## Given entries:
****
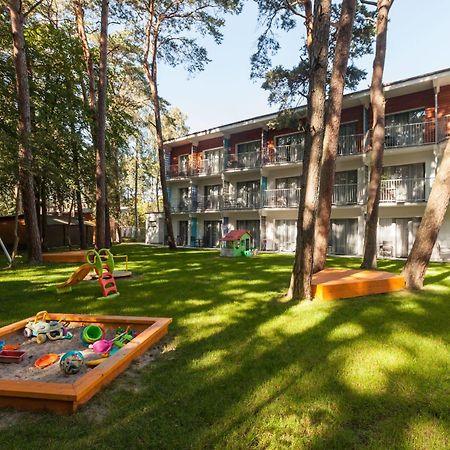 Waterside Resort Darlowko Buitenkant foto
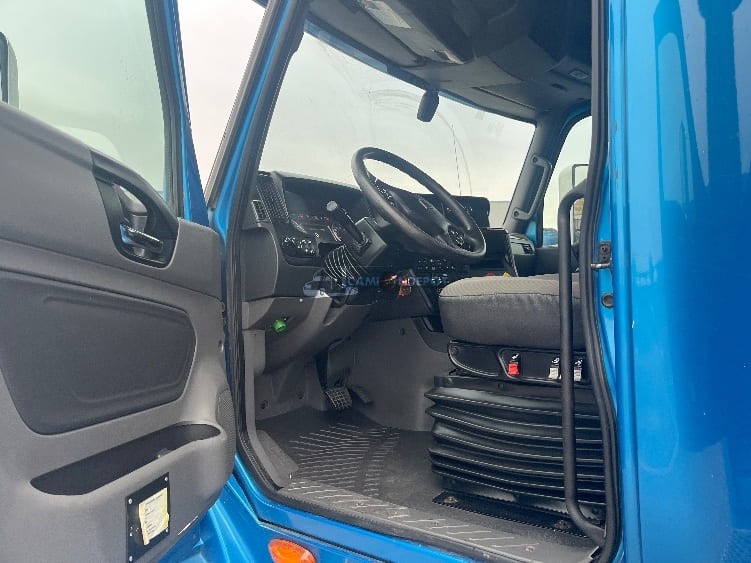 Truck Thumbnail 6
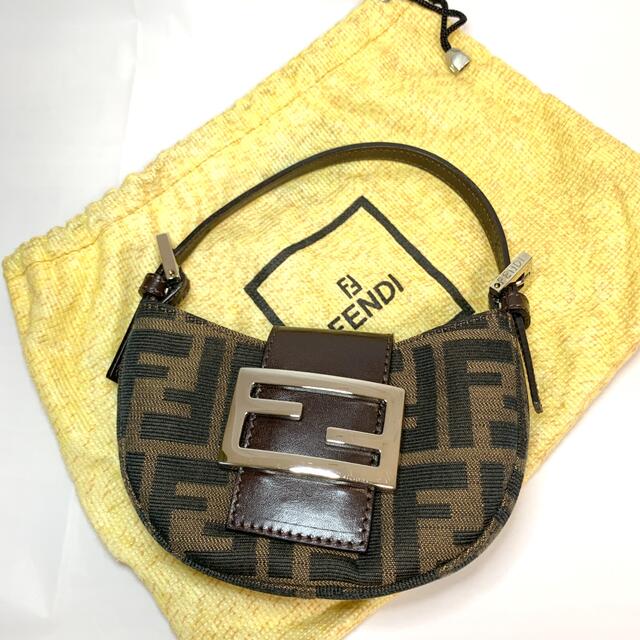 FENDI - FENDI ミニクロワッサン ズッカ柄ポーチの通販 by M&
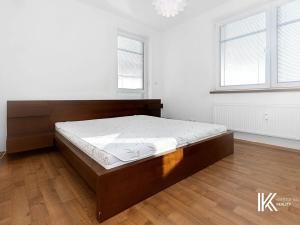 Pronájem bytu 3+kk, Pardubice, Dubová, 75 m2
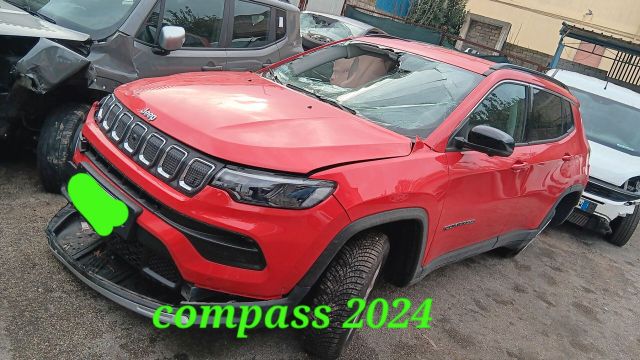 Jeep Compass incidentata sinistrata mondialcars 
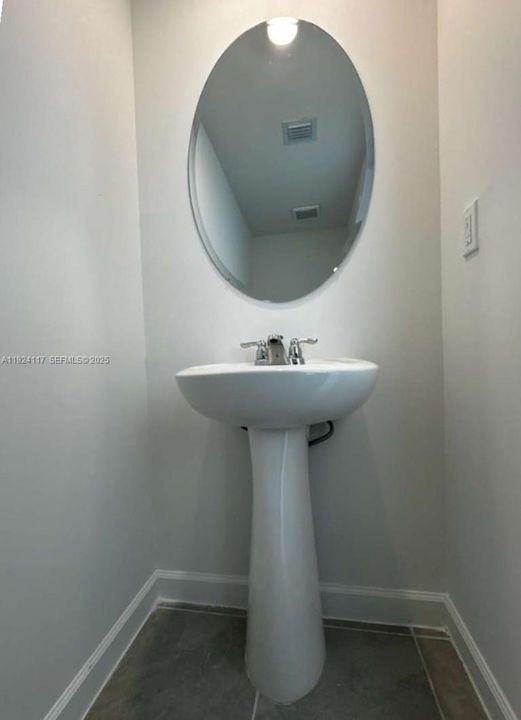 1/2 Bathroom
****
## Task to complete:
In your copy of the listing, please omit the pictures and keep every word exact.

## Solution to this task:
 Waterside Resort Darlowko Buitenkant foto
 Truck Thumbnail 6
 FENDI - FENDI ミニクロワッサン ズッカ柄ポーチの通販 by M&
 Pronájem bytu 3+kk, Pardubice, Dubová, 75 m2
 Jeep Compass incidentata sinistrata mondialcars 
 1/2 Bathroom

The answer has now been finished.